The death toll for the City of Derna’s flooding in Libya has surpassed 5000 and is still counting. Local authorities have said that the numbers are expected to rise.
Aid workers who managed to reach the city, which was cut off Sunday night when flash floods washed away most of the access roads, were in disbelief as they searched through different rays of destroyed homes looking for missing bodies.
At the time of reporting, thousands were still missing and tens of thousands had lost their homes.
“Bodies are everywhere, inside houses, in the streets, at sea. Wherever you go, you find dead men, women, and children,” Emad al-Falah, an aid worker from Benghazi, said over the phone from Derna. “Entire families were lost.”
The damage to the roads is so bad that the city is almost inaccessible for humanitarian aid workers, the International Organization for Migration said.
Bridges over the river Derna that link the city’s eastern and western parts have also collapsed, according to the U.N. migration agency.

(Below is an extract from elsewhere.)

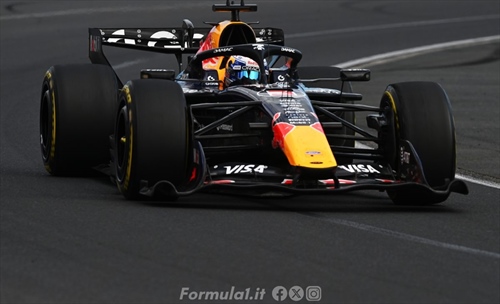 Verstappen: «Il graining ha inciso, ho faticato molto. E i sorpassi...»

Libya is a country divided by rival governments, one in the east, the other in the west, and the result has been neglect of infrastructure in many areas.
“The city of Derna was submerged by waves 7 meters (23 feet) high that destroyed everything in their path,” Yann Fridez, head of the delegation of the International Committee of the Red Cross in Libya, told broadcaster France24. “The human toll is enormous.”